The only walled city in the Caribbean, Old San Juan was founded by the Spanish in 1521. The fortified walls hold a maze of narrow cobbled streets lined with brightly painted 17th and 18th-century colonial-era houses.
The Spanish fortifications in San Juan are the oldest European construction in the territory of the United States and one of the oldest in the Americas. The forts and city walls are fine examples of historic military architecture that reflect the power of the early Spanish Empire and the spread of European culture.

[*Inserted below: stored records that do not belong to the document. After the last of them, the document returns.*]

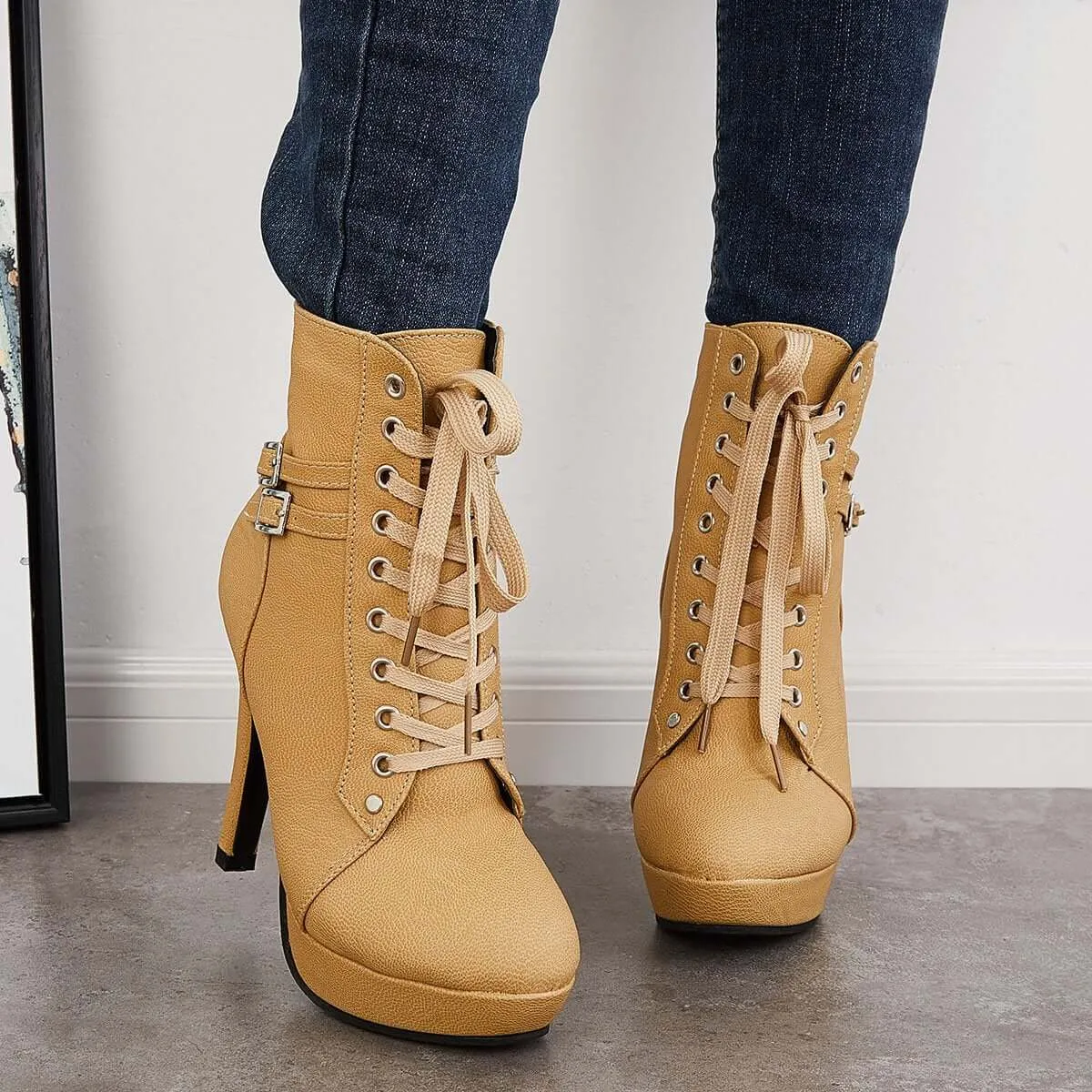 Sohiwoo Women Chunky Platform High Heel Ankle Boots Lace Up Booties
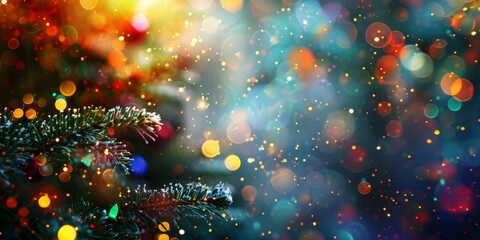 Wall Mural - Christmas tree with colorful lights and bokeh Christmas tree branch glowing festive background holiday celebration concept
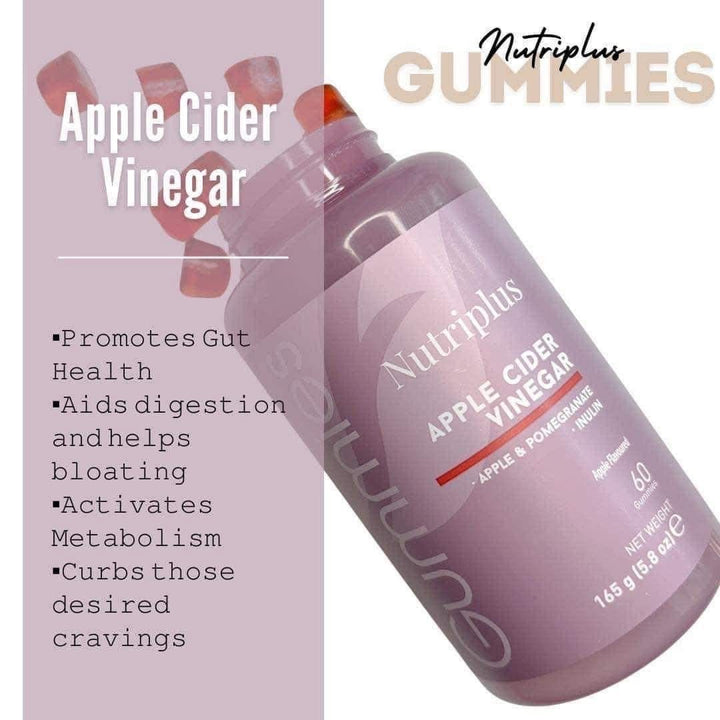 Nutriplus ACV Apple Cider Vinegar Gummies Vegan Weight Loss Gut Health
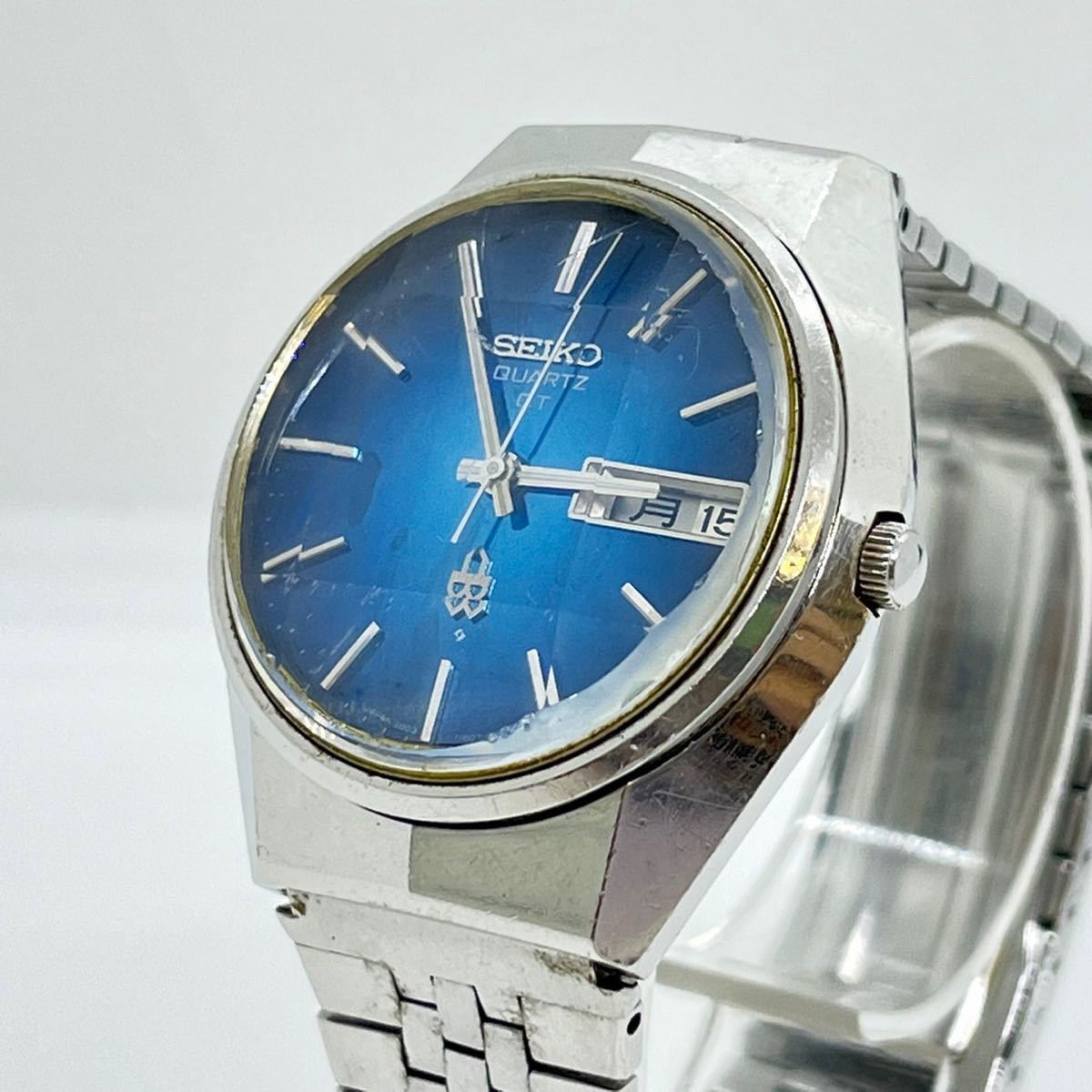 ぶーしの SEIKO セイコー クオーツ QT デイデイト 青 ブルー系 カットガラス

The wealth stored in San Juan by conquistadors and their loyal merchants was a magnet for numerous European pirates and armies, including Sir Francis Drake, who tried to take the city in 1595, and the Dutch General Boudewin Hendricksz, who attempted the same thing in 1625. None of them managed it thanks to the four hefty forts such as El Morro, La Fortaleza and San Cristobal and the high sandstone city walls.
The othic Cathedral of San Juan, erected in 1540 by seafarers grateful to have escaped shipwreck in the shark-infested, reef-spiked, stormy waters of the Caribbean. Local homes in Old San Juan are decorated with wrought iron balconies and hanging baskets of flowers. Shops, restaurants and bars enliven the atmospheric historic centre as do museums, churches and theatres.